Shaun Cassidy's "Wasp" (September 1, 1980, Warner Brothers Records (Reissued for Record Store Day, 2021)
Friday, July 16, 2021
I was working in Reseda, California, which was very close to the porn world of Van Nuys on Sherman Way. Countless women would come to the music store Licorice Pizza to locate music for their stripping act in nearby bars and gentlemen clubs surrounding the store in the late 1970s/80s. I enjoy the clientele, one, I found these women attractive and see them improving their trade or dancing by selecting the right music.
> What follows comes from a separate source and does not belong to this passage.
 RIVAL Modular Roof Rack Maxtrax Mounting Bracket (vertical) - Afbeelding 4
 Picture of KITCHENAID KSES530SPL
They never went for the most popular tune but tried to find something that expressed their identity, which is unique. They often asked for my opinion as I worked there, and knew about the music of course. I was always pleased to help these women because I admired their work ethic, which was way stronger than mine. Usually, I was pretty much satisfied just hanging out behind the counter and arguing with my fellow workers about the merits of Buzzcocks versus Gary Numan's Tubeway Army. One of the albums that came out in 1980 that caught my attention at work was Shaun Cassidy's Wasp.
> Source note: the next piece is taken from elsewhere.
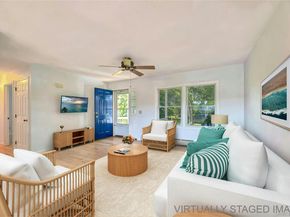 3700 Minnehaha Boulevard, Southold NY 11971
At the time, New Wave became the new music trend, and there were acts from the recent past that tried to hatch on to the style. Shaun Cassidy was such a figure that belonged directly to the teen idol world. Like his half-brother David, he soared like a shooting star and then crashed into the ground a few years later. For me, there are the masterpieces, the kings of their field, but then there are the failures. And I have always had a thing for those who try and then failed. If they made a series of OK albums and then come up with stinker after a stinker, well, I tend to champion those forgotten works. Although, to be honest, I never even heard a Shaun Cassidy song or album before Wasp, but I knew teenagers of the late 1970s passionately loved him. I have always found that endearing, and to this day, I appreciate teen idols of all sorts. I don't think there is a teen idol I dislike. Even annoying figures like Justin Bieber has some worth for me. All I know is that if there were no teenage music idols, it would be a dull world.
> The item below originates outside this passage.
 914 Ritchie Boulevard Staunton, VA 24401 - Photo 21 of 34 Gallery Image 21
The interesting thing about Shaun is that I was aware of him being David Cassidy's younger half-brother, and Shaun was very much part of the Rodney Bingenheimer rock n' roll world. Shaun even did a show with his what I imagined to have been his glam-rock band. Early photos reminded me of Shaun as a pretty version of Iggy Pop circa the Raw Power days. There is a photo of Shaun with Kim Fowley, Iggy, Rodney, and various groupies around 1973. So although Shaun comes from a prominent showbiz family world, his first venture as an artist was part of the music underground in Los Angeles. A few years later, he ended up playing one of The Hardy Boys in a popular TV series and also started his recorded music career at the same time.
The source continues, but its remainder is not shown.